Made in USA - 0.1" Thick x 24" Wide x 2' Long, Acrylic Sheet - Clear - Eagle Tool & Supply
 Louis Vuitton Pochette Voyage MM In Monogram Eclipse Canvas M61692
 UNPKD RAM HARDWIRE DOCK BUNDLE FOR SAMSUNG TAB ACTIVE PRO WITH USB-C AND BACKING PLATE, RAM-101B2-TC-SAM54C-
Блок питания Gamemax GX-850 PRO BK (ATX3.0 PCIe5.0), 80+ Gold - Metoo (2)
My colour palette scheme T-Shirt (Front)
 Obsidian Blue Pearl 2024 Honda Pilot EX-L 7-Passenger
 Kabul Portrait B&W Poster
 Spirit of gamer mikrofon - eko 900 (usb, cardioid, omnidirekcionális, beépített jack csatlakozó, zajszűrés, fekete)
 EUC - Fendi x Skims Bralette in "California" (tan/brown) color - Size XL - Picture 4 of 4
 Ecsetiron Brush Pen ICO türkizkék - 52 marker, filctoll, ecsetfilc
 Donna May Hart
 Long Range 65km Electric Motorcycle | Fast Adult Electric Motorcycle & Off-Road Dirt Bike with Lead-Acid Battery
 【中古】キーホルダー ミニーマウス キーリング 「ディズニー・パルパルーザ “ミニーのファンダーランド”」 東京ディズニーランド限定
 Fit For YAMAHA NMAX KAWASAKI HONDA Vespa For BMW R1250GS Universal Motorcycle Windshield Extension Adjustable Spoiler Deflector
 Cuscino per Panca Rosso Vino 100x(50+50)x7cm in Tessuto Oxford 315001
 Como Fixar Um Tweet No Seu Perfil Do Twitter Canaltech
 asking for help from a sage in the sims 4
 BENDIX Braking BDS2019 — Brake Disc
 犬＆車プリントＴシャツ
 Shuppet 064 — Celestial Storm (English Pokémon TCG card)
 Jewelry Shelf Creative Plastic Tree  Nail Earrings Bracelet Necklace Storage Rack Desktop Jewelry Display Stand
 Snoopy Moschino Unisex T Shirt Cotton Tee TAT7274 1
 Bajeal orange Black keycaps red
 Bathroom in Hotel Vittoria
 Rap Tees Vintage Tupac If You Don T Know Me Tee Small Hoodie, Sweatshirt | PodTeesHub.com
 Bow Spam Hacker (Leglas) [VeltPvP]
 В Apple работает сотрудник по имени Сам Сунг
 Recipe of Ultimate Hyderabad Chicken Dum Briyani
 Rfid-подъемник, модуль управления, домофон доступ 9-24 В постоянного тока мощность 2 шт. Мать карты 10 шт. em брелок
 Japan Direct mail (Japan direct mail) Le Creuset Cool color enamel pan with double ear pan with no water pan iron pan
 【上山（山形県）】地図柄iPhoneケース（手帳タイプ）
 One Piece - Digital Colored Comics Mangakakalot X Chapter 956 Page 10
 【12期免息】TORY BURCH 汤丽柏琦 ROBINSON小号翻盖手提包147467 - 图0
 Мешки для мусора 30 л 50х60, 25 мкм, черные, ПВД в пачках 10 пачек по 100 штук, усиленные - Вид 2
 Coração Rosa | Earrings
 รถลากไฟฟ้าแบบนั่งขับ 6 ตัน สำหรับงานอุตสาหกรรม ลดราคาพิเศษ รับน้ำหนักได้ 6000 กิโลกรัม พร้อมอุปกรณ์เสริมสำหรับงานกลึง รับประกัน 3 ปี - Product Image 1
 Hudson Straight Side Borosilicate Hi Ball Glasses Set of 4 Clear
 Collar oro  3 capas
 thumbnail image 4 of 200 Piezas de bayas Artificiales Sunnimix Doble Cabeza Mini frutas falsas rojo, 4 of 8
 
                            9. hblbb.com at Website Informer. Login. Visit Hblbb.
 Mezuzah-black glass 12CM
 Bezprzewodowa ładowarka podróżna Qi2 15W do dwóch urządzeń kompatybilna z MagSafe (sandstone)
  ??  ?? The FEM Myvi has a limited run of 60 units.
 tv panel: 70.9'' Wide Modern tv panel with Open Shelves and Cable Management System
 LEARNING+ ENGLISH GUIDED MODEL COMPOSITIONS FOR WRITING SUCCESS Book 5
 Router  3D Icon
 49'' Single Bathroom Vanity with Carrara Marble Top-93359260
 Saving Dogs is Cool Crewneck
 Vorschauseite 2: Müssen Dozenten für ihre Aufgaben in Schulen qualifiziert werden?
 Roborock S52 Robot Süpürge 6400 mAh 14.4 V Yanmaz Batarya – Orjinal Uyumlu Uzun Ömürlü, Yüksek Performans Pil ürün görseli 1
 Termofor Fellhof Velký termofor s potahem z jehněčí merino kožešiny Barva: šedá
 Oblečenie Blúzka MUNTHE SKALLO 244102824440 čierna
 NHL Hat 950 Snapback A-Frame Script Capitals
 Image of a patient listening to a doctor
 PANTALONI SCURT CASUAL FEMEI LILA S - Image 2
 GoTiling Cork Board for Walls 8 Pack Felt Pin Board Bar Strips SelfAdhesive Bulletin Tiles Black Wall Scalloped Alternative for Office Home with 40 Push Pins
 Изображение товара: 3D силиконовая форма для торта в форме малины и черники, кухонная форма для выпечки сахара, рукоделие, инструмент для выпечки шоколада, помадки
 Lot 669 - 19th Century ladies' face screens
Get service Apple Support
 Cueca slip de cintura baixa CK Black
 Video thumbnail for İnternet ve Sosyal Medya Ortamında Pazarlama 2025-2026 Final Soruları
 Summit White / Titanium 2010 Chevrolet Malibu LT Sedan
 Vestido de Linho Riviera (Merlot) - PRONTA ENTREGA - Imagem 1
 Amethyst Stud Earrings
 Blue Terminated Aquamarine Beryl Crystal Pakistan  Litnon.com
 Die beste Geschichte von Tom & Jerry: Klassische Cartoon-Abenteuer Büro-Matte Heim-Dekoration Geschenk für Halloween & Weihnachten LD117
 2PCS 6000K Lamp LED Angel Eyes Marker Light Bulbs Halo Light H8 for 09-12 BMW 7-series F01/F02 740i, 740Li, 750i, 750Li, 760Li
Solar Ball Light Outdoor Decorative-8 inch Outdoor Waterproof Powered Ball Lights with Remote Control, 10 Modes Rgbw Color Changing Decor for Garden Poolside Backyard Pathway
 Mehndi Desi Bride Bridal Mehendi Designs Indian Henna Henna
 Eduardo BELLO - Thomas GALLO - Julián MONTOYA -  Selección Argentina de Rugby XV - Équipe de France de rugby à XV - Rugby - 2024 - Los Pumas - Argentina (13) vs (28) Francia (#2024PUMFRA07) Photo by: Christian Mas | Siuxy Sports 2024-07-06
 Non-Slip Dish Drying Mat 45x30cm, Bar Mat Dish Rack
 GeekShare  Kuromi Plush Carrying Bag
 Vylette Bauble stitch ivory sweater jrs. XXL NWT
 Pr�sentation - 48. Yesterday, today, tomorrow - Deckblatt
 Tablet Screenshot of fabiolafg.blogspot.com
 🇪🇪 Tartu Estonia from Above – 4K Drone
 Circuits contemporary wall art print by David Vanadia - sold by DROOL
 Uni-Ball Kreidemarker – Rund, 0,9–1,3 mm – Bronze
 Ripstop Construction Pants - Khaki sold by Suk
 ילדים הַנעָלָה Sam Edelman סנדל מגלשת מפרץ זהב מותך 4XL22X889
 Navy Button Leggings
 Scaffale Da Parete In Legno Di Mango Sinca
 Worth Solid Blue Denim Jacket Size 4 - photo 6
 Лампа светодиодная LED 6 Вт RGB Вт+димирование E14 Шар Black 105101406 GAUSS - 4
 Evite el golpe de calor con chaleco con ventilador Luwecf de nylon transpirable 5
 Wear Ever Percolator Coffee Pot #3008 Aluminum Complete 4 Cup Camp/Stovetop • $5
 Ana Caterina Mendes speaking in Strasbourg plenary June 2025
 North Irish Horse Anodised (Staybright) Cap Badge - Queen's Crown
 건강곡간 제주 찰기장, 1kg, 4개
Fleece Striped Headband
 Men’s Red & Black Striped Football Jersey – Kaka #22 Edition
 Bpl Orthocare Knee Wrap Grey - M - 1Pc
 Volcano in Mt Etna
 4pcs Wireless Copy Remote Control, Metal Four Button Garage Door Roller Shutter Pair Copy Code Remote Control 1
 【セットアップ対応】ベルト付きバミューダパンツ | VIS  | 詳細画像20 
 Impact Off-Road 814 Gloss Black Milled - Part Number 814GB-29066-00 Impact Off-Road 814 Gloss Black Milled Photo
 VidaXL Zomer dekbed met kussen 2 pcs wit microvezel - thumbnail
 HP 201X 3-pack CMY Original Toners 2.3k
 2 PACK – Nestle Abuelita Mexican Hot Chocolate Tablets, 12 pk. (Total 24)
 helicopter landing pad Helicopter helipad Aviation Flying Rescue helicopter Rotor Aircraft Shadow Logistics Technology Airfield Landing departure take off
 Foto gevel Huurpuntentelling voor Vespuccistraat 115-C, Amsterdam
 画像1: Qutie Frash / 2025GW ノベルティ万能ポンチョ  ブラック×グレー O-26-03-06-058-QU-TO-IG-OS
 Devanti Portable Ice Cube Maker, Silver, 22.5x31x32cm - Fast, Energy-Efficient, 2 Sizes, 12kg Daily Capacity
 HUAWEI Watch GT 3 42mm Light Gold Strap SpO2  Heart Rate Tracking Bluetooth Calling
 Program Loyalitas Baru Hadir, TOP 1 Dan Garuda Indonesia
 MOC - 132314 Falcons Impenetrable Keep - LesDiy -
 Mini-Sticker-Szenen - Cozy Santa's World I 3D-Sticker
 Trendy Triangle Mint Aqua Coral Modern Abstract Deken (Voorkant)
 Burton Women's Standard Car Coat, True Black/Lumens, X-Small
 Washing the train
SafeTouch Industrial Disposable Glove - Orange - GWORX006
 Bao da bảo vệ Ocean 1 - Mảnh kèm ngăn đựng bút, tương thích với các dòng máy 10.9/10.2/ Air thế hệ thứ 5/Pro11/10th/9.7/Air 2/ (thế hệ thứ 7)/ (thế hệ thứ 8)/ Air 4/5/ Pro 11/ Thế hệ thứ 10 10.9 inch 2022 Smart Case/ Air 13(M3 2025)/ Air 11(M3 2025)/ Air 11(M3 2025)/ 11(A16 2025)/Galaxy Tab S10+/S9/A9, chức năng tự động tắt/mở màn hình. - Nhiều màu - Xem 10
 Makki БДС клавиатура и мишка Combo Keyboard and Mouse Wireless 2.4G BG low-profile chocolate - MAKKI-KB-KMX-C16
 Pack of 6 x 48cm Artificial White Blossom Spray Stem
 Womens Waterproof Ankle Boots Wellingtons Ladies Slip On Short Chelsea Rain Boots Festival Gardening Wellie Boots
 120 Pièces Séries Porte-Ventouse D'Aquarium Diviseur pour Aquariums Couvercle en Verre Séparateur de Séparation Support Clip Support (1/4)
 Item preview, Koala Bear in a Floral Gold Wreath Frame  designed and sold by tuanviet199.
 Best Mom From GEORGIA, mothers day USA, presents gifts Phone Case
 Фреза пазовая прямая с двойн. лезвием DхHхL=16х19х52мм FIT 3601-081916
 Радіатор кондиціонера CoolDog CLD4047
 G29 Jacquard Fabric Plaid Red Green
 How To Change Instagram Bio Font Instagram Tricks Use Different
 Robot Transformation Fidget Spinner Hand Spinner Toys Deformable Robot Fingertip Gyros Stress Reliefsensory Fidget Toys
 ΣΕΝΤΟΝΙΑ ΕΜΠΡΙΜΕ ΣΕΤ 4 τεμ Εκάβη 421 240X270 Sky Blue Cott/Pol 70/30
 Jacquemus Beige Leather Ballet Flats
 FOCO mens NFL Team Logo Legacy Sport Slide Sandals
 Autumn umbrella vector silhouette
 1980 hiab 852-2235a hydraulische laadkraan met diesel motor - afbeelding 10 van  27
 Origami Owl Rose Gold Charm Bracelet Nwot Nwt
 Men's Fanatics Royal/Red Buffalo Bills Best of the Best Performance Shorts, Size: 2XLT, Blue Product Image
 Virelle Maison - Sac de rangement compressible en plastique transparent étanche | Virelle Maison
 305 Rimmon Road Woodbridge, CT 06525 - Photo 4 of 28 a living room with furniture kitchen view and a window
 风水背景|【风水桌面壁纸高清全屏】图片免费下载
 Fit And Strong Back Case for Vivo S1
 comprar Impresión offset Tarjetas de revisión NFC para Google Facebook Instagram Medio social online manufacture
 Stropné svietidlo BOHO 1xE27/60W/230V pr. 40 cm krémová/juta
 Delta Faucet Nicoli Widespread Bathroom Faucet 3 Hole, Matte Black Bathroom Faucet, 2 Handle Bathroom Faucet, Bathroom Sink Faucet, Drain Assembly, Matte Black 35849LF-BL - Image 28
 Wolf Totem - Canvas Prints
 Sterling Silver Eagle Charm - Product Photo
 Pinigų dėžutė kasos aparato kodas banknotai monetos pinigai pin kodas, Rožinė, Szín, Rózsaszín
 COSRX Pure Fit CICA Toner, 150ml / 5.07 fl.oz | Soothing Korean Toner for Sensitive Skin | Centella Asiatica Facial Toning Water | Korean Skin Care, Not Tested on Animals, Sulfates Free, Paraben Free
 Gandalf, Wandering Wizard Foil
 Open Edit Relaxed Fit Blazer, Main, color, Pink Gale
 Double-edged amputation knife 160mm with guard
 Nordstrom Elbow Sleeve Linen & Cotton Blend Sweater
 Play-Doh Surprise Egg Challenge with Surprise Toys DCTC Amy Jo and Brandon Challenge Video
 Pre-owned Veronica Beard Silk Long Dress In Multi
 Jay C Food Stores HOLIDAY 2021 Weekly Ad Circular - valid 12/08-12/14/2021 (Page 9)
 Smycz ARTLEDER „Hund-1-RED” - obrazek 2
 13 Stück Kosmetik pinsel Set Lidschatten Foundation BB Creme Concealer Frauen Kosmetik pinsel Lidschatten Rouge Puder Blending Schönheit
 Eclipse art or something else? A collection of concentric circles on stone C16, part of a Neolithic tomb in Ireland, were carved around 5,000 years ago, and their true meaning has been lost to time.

- _What the task asks_
Give back exactly the lines above starting at the line where "Delta Faucet Nicoli" appears and ending at the line where "Pinigų dėžutė kasos" appears, both included, with no other lines.

- _Worked solution_
 Delta Faucet Nicoli Widespread Bathroom Faucet 3 Hole, Matte Black Bathroom Faucet, 2 Handle Bathroom Faucet, Bathroom Sink Faucet, Drain Assembly, Matte Black 35849LF-BL - Image 28
 Wolf Totem - Canvas Prints
 Sterling Silver Eagle Charm - Product Photo
 Pinigų dėžutė kasos aparato kodas banknotai monetos pinigai pin kodas, Rožinė, Szín, Rózsaszín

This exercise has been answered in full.